Figure 15-8 Slit-lamp photograph showing infectious crystalline keratopathy after PK.

(Courtesy of Stephen Orlin, MD.)

Sugar A, Gal RL, Kollman C, et al; Writing Committee for the Cornea Donor Study Research Group. Factors associated with corneal graft survival in the Cornea Donor Study. JAMA Ophthalmol. 2015;133(3):246–254.

Graft rejection

Corneal allograft rejection rarely occurs within the first month; however, it may occur many years after PK. Fortunately, most episodes of graft rejection do not cause irreversible graft failure if recognized early and treated aggressively with steroids. Corneal transplant rejection after PK occurs in 4 distinct clinical forms, which may occur either singly or in combination. (See BCSC Section 9, Uveitis and Ocular Inflammation, and Chapter 11 in this volume for further discussion on the immunology of graft rejection.)

Subepithelial rejection

Corneal transplant rejection may also present as subepithelial infiltrates (Fig 15-10). These may be asymptomatic or may cause glare or reduced vision. It is not known whether these lymphocytic cells are directed at donor keratocytes or at donor epithelial cells. In atypical cases, a cellular anterior chamber reaction may accompany this form of rejection. Easily missed on cursory examination, subepithelial infiltrates can best be seen with broad, tangential illumination. They resemble the infiltrates associated with adenoviral keratoconjunctivitis. Subepithelial graft rejection may completely resolve if treated, but it may presage the more severe endothelial graft rejection.

Figure 15-9 Slit-lamp photograph showing an epithelial rejection line (arrow) with subepithelial infiltrates (arrowhead) after PK.

(Courtesy of Robert W. Weisenthal, MD.)

Figure 15-10 Slit-lamp photograph showing corneal graft rejection manifested by subepithelial infiltrates.

(Courtesy of Charles S. Bouchard, MD.)

Treatment

Frequent administration of steroid eyedrops is the mainstay of therapy for corneal allograft rejection. Either dexamethasone 0.1% or prednisolone 1% eyedrops are used, as often as every 15 minutes to 2 hours, depending on the severity of the episode. Difluprednate ophthalmic emulsion 0.05% can also be used, in less frequent doses; however, close follow-up to monitor for increased IOP is recommended. Although topical steroid ointment may be used on occasion, the reduced bioavailability of topical ointment is not as effective as frequently applied eyedrops.
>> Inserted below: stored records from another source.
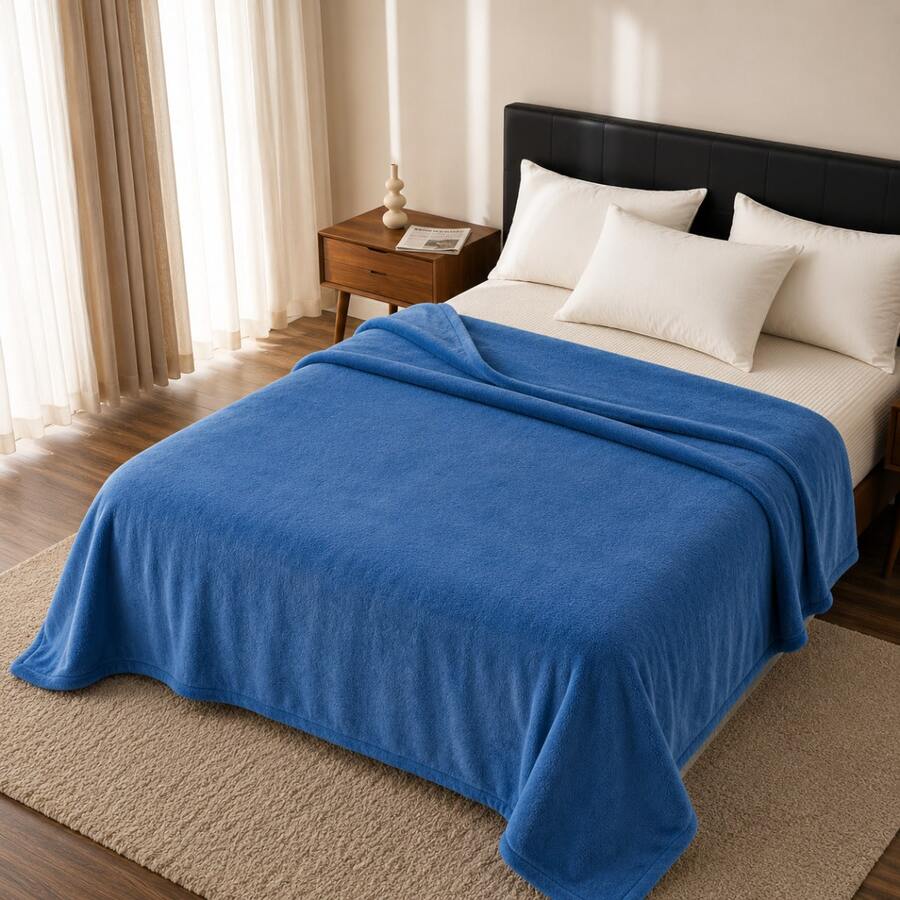 Microfiber Blanket Double And Queen Size Anti-Allergic Soft Extra Soft Flannel - Light Blue - View 1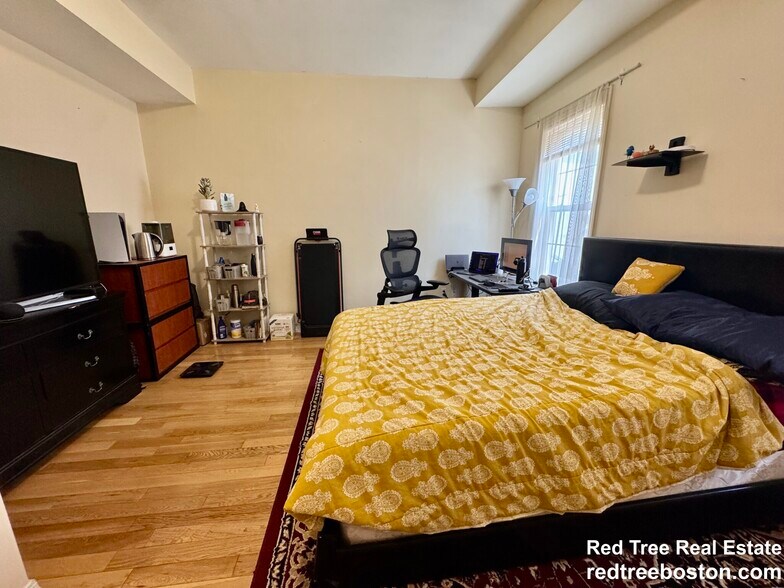 Building Photo - 22 Elmore St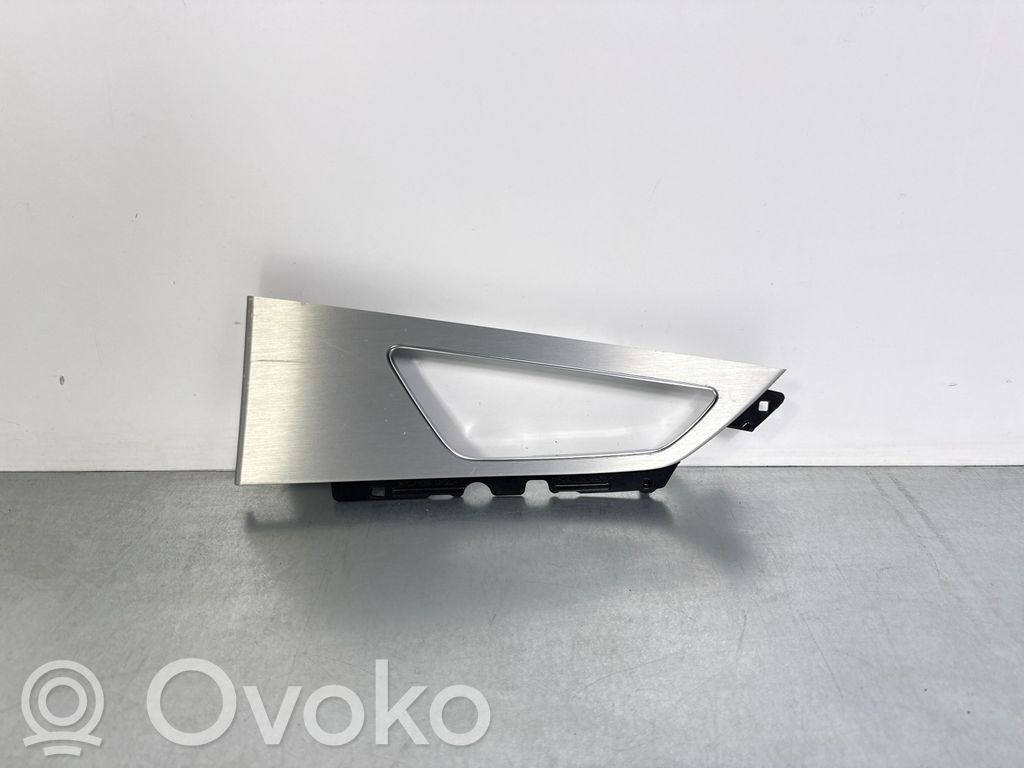 Audi Q7 4M Poszycie drzwi tylnych 
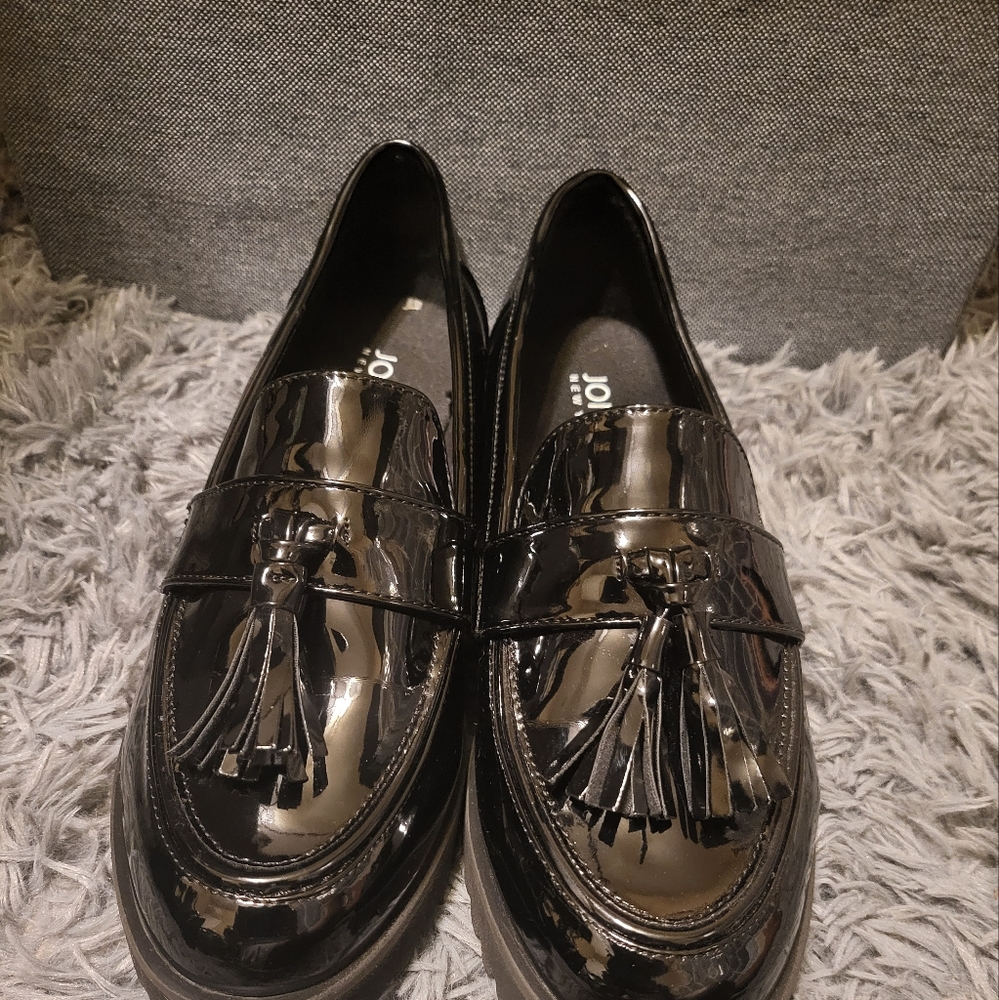 Jones New York Priscilla Signature Loafer with tassles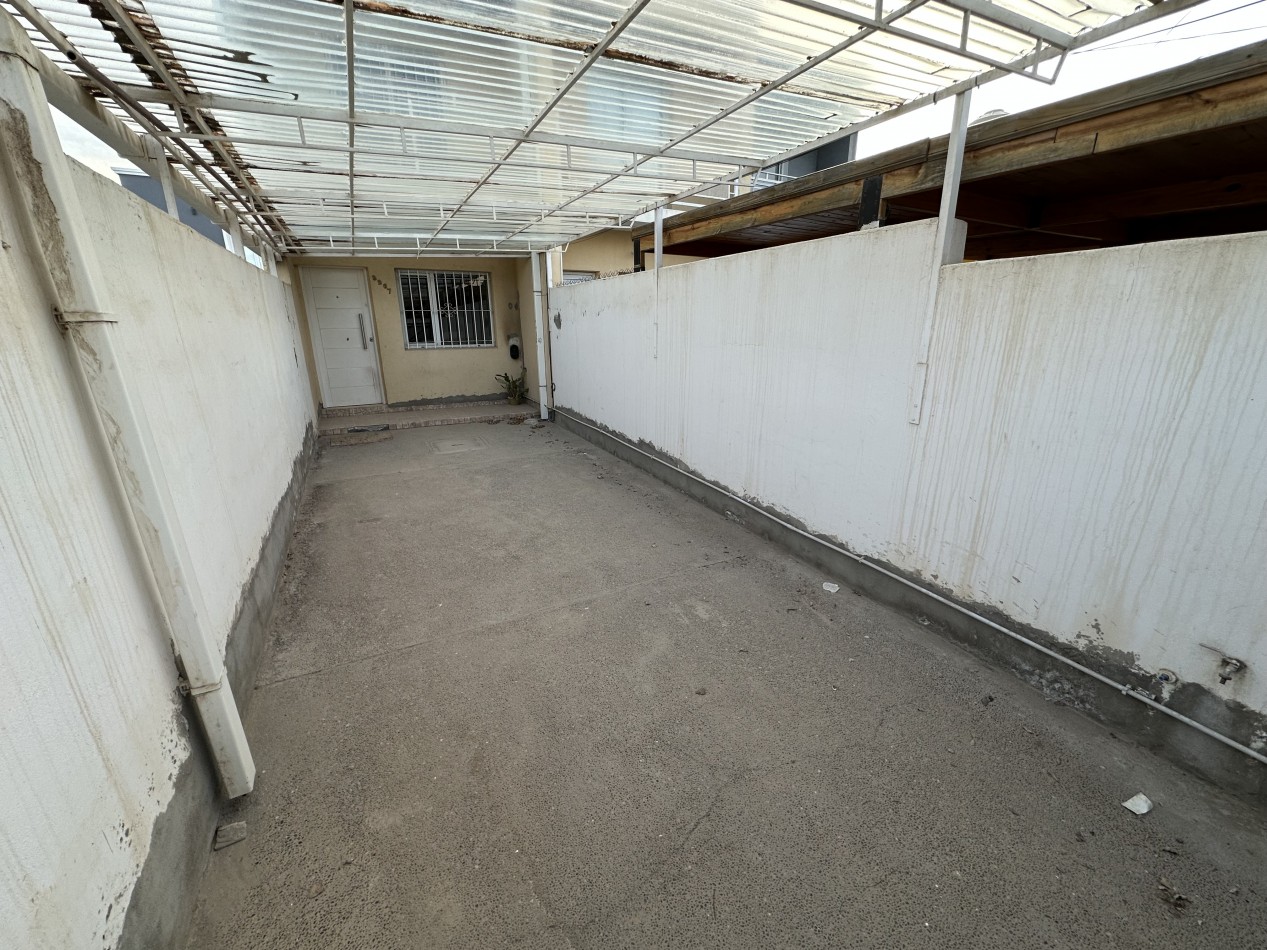 DUPLEX 2 DORMITORIOS CON COCHERA Y PATIO EN ZONA SUR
Figure 15-11 Slit-lamp photograph showing corneal endothelial graft rejection with epithelial and stromal edema. Note the Khodadoust line (arrows).
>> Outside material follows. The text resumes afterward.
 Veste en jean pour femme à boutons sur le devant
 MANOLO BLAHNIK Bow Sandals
(Courtesy of Robert W. Weisenthal, MD.)

Steroids may be given by periocular injection (triamcinolone acetonide 0.5 cc of 40 mg/mL or dexamethasone 0.5 cc of 4 mg/mL) for severe rejection episodes or nonadherent patients. Caution is advised in patients who may have steroid-induced elevation of IOP or a history of herpetic keratitis. In particularly fulminant cases, steroids may be administered either orally (80 mg per day, tapered as the graft rejection responds) or intravenously (a one-time dose of 125–500 mg methylprednisolone).